The Society for Psychical Research was founded in 1882 to answer questions that seemed terribly pressing at the time: Is there life after death? Is the human mind more than a collection of chemical and electrical reactions? Does some kind of divine intelligence inform the universe? Of course, those questions haven't gone away, despite fears on the part of SPR members that scientific materialism would soon become the ruling dogma of Western life.
The "ghost hunters" of the SPR were far from being the conglomeration of kooks you might expect. The society attracted some of the great minds of its era, including American psychologist and philosopher William James. Besides James, the SPR could claim many professors, a pioneering evolutionary theorist, several important physicists, two Nobel Prize winners, a distinguished chemist, the principal of the first women's college at Cambridge and the discoverers or developers of half a dozen essential tools for modern life, from the cathode ray tube to wireless telegraphy.
Deborah Blum's new history of the society's early days, "Ghost Hunters," professes to focus on James' involvement with the group (he's the best known of the initial members), but it's really a broader story. The society was founded by men (and one woman) who felt torn between the spiritual sustenance of religious traditions and the scientific worldview that was transforming their lives and their understanding of the universe -- especially Charles Darwin's theory of evolution. They were people, Blum writes, who "craved a refuge from the increasingly belligerent stands taken by both religious and scientific leaders" and "believed that objective and intelligent investigation could provide answers to the troubling metaphysical questions of the time."

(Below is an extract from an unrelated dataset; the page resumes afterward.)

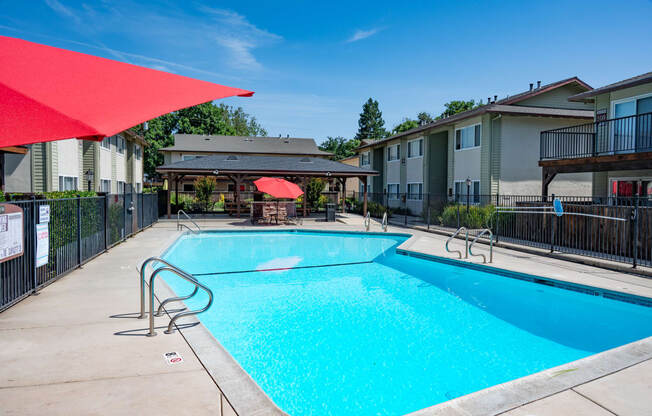 View of gated community pool with seating under umbrellas and covered area with picnic table and seating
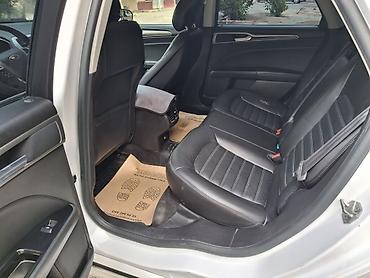 Ford: Ağ rəngdə Ford Fusion sedanı. Bu avtomobilin salonda rahat -da lalafo.az — 4 Ford: Ağ rəngdə Ford Fusion sedanı. Bu avtomobilin salonda rahat — 4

Take Alfred Russell Wallace, whose own independently developed theory of natural selection was presented with Darwin's at a London scientific meeting in 1859. Although he continued to study and defend evolution, Wallace decided that its mechanics lacked something crucial. He believed in the soul, and possibly in a divine hand directing some of the evolutionary process (a notion that seems like an early form of intelligent design). "Evidence for such an artful planner could only be found by investigating in the supernatural realm" is how Blum describes Wallace's answer to this quandary. Spiritualism -- from séances to performing mind readers to parlor games like the Ouija board -- was all the rage in Europe and America. Most of it was bogus, but a few examples struck Wallace and other thinkers as their only leads in a quest that was of the utmost importance to humanity.
This project wasn't popular with either clergymen or other scientists. T.H. Huxley, who functioned more or less as Darwinism's attack dog in public debates about evolution, told Wallace, "The only good argument I can see in a demonstration of the truth of 'Spiritualism' is to furnish an additional argument against suicide. Better to live a crossing-sweeper than die and be made to talk twaddle by a medium hired at a guinea a séance." Most 19th century scientists, Blum writes, "felt a personal responsibility not to investigate claims of the supernatural but to debunk them out of hand."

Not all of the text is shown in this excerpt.